§ **What is needed**:
All lines from the one containing "It gives me" through the last line of the listing should be given again exactly, with no pictures.

§ **Exercise data**:
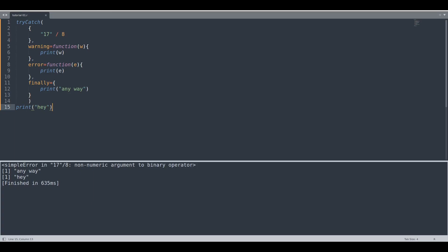So whenever you have some piece of code and you are not sure whether that piece of code is going to produce error or not, try catch function is actually your savior.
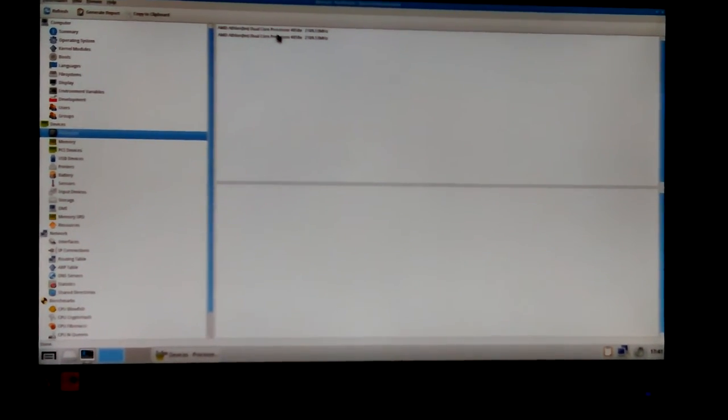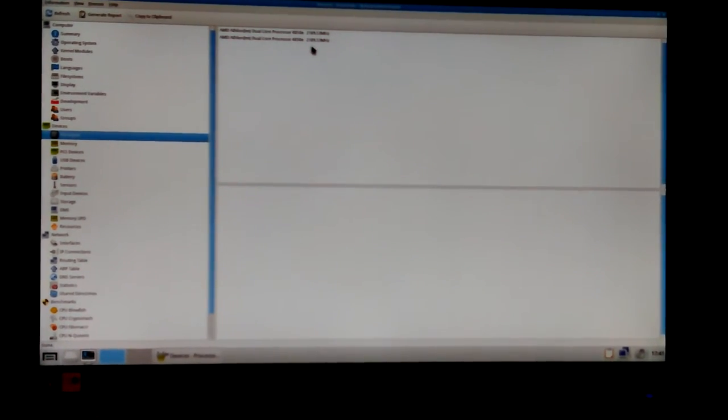It gives me my processor model number, dual core AMD 4050E. I may have to look that up, but I chose when I was booting up the PartedMagic x86-64, so this is 64-bit, it's a 64-bit processor. It will run that. The processor again is Athlon dual core processor 4050E.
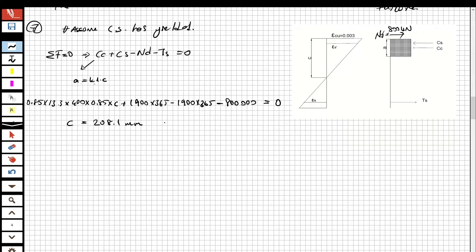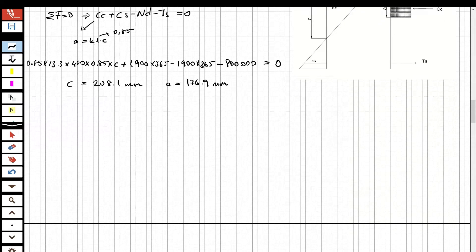And a will be equal to 176.9 mm, because k1 is equal to 0.85. Now we have obtained the c and a values. Let's write the compatibility equation to determine whether the compression steel has yielded or not.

§ **Output below**:
It gives me my processor model number, dual core AMD 4050E. I may have to look that up, but I chose when I was booting up the PartedMagic x86-64, so this is 64-bit, it's a 64-bit processor. It will run that. The processor again is Athlon dual core processor 4050E.
And a will be equal to 176.9 mm, because k1 is equal to 0.85. Now we have obtained the c and a values. Let's write the compatibility equation to determine whether the compression steel has yielded or not.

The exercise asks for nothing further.